On April 18, Senior Product Management Director Peggy Zorn delivered an information-packed presentation on best practices and recommendations for SEND dataset review and visualizations.
SEND datasets have become an integral part of the review, analysis, and interpretation of nonclinical toxicology studies, and this will trend will only continue to grow. The SEND dataset creation process is challenging and often requires a combination of data integration and manual effort, making quality control a critical step to ensuring that SEND dataset packages are fit for use.
SEND is the Standard for Exchange of Nonclinical Data, a CDISC standard based on the SDTM model. It covers the study design and individual animal data for in scope nonclinical study types.
Like SDTM datasets, SEND datasets are produced in SAS transport or XPT format. The current versions of the SEND standard in use at FDA are SEND 3.1 and 3.1.1, SENDIG-DART Version 1.1 for reproductive toxicity studies, and SEND-AR version 1.0 for Animal Rule Studies. In this article, we will focus primarily on SEND 3.1 and SEND 3.1.1.
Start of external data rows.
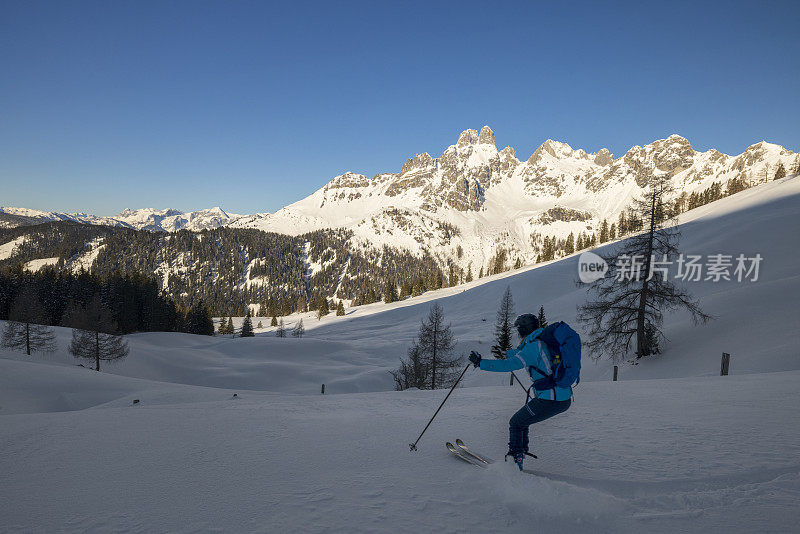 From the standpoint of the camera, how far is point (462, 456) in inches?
217

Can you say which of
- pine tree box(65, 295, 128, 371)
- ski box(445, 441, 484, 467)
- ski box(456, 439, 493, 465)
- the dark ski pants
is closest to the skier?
the dark ski pants

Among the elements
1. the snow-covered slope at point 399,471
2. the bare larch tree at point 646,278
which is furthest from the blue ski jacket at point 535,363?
the bare larch tree at point 646,278

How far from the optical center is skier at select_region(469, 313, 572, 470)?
468 centimetres

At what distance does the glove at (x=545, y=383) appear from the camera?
4715 mm

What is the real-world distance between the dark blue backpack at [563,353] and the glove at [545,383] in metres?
0.05

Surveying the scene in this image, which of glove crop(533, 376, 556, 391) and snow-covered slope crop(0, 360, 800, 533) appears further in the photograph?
glove crop(533, 376, 556, 391)

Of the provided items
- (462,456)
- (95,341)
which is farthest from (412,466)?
(95,341)

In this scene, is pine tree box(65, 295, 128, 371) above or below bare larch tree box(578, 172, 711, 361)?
below

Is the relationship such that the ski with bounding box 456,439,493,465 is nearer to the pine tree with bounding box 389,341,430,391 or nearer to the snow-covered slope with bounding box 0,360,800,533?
the snow-covered slope with bounding box 0,360,800,533

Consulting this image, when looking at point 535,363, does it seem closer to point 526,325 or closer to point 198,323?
point 526,325

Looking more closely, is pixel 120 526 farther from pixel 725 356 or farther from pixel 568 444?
pixel 725 356

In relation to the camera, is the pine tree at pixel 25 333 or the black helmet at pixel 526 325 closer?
the black helmet at pixel 526 325

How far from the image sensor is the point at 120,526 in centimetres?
372

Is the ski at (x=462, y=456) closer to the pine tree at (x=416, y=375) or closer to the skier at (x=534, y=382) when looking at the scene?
the skier at (x=534, y=382) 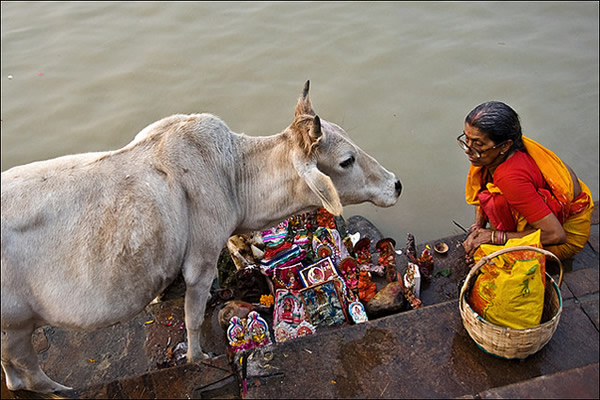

SEND datasets are required for single-dose, repeat-dose, carcinogenicity, cardiovascular, and respiratory safety pharmacology, embryo-fetal development and animal rule studies with start dates after those published in the [FDA Data Standards Catalog]. SEND is required by both CDER and CBER.
The requirement for CBER has just taken effect and SEND datasets are now required for in-scope studies and data types for studies starting after March 15th, 2023.
Currently, most studies requiring SEND datasets for FDA submission are for regulatory submissions where timelines are tight.
Considering the level of QC needed for some datasets, it's also important to understand how they were produced. For instance, more QC is needed if all datasets were created manually from a PDF study report than if the data was output from a data collection system.
SEND datasets are often produced by CRO test facilities or a third-party specializing in SEND dataset creation. They are passed to the sponsor for inclusion in the regulatory submission, so it's important the sponsor understands how the datasets were created and any QC applied to determine additional review needed.
The level of QC needed on SEND datasets can vary based on their intended use. For datasets included in an FDA submission, data standard and FDA technical conformance guide conformance is expected. SEND datasets intended only for sponsor use in a data warehouse environment may have different requirements.
Why are QC processes so important in this age of automated systems and software? SEND datasets are created using a combination of automated and manual processes. In most cases, an integration of data from several sources is usually required.
Trial domains are often created manually, and the SEND dataset creation process may originate from the PDF Study Report file. During the creation process, study report tables and dataset output are often compared to ensure alignment, and errors are often discovered.
Define.xml and nsdrg files are also created using a combination of automated and manual processes that must be synchronized when dataset changes are made after initial creation. Often CRO's or other third-party vendors responsible for SEND dataset creation perform part of the initial QC before data is passed to the sponsor for inclusion in a regulatory submission.
Because of these factors, robust quality control is essential to ensure high quality SEND datasets for regulatory and scientific use.
The FDA Technical Conformance Guide emphasizes the need for strong and systematic dataset QC practices in two sections: Section 8.2.2, which indicates sponsors should evaluate against conformance rules prior to submission, and Section 8.3.1, where the importance of traceability between the study report summary and individual data tables and the datasets is established.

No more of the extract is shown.